■ RECORDED DATA:
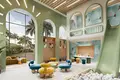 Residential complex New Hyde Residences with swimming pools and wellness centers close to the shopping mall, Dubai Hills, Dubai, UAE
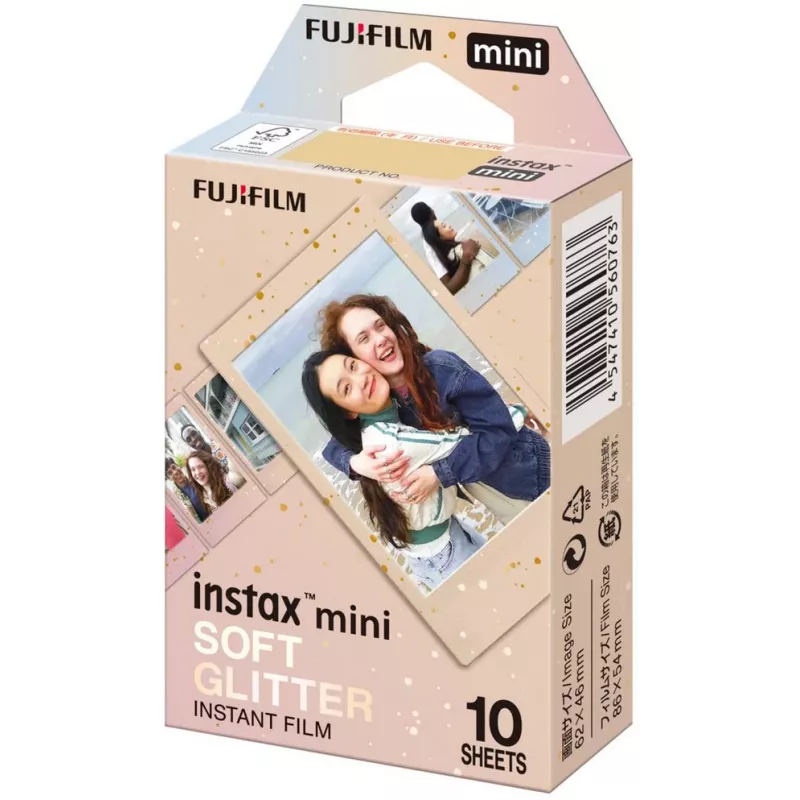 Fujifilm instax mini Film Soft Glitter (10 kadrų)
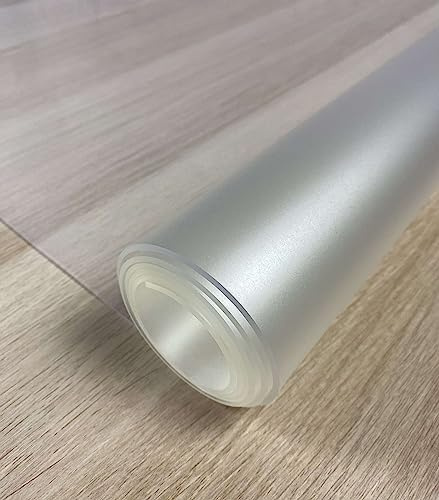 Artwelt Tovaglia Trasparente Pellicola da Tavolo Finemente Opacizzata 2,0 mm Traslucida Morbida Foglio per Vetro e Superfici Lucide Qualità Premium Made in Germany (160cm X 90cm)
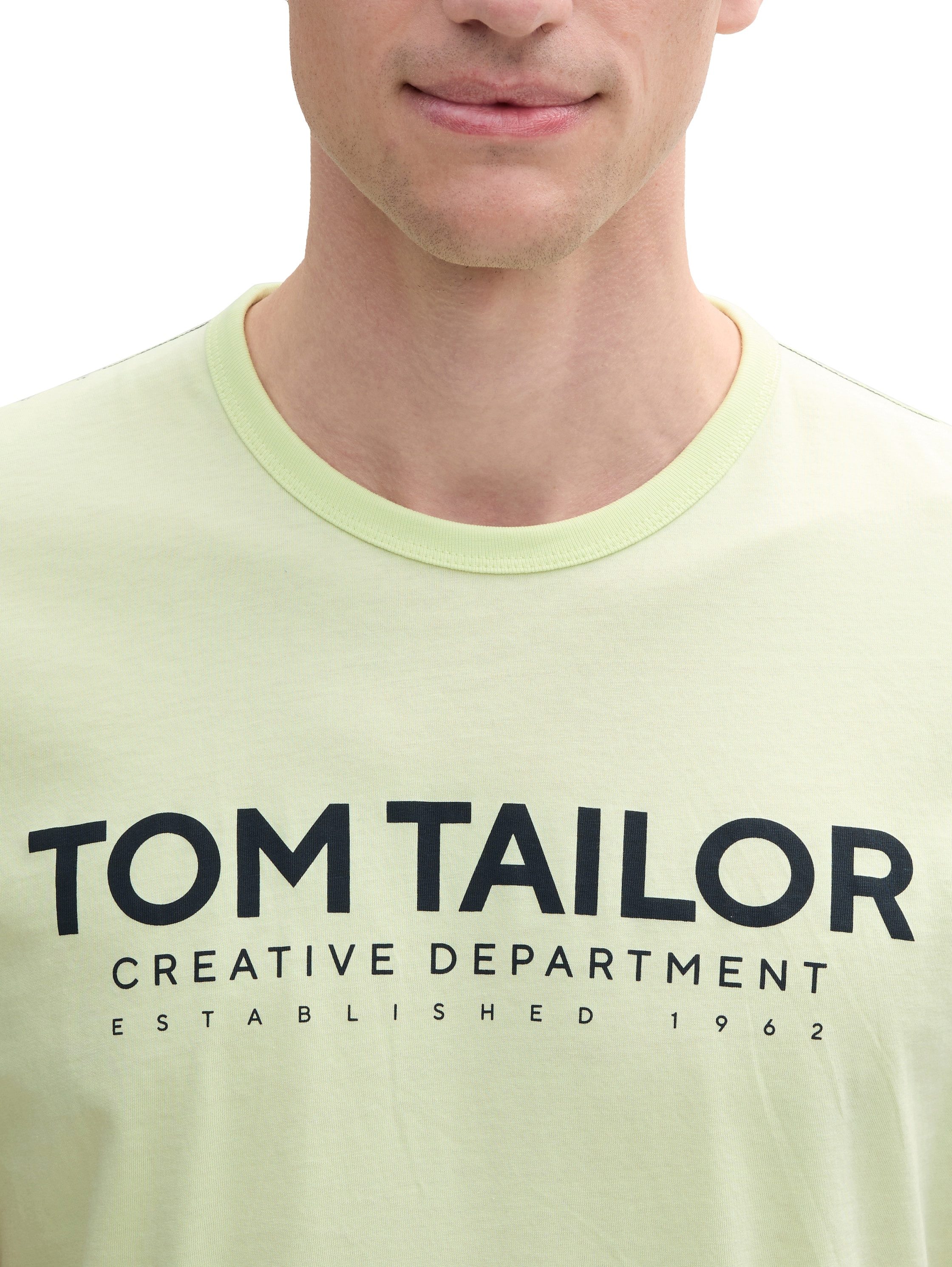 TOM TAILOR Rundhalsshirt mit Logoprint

■ REQUIRED WORK: Output all the data, exactly, without images.

■ WRITTEN ANSWER:
 Residential complex New Hyde Residences with swimming pools and wellness centers close to the shopping mall, Dubai Hills, Dubai, UAE
 Fujifilm instax mini Film Soft Glitter (10 kadrų)
 Artwelt Tovaglia Trasparente Pellicola da Tavolo Finemente Opacizzata 2,0 mm Traslucida Morbida Foglio per Vetro e Superfici Lucide Qualità Premium Made in Germany (160cm X 90cm)
 TOM TAILOR Rundhalsshirt mit Logoprint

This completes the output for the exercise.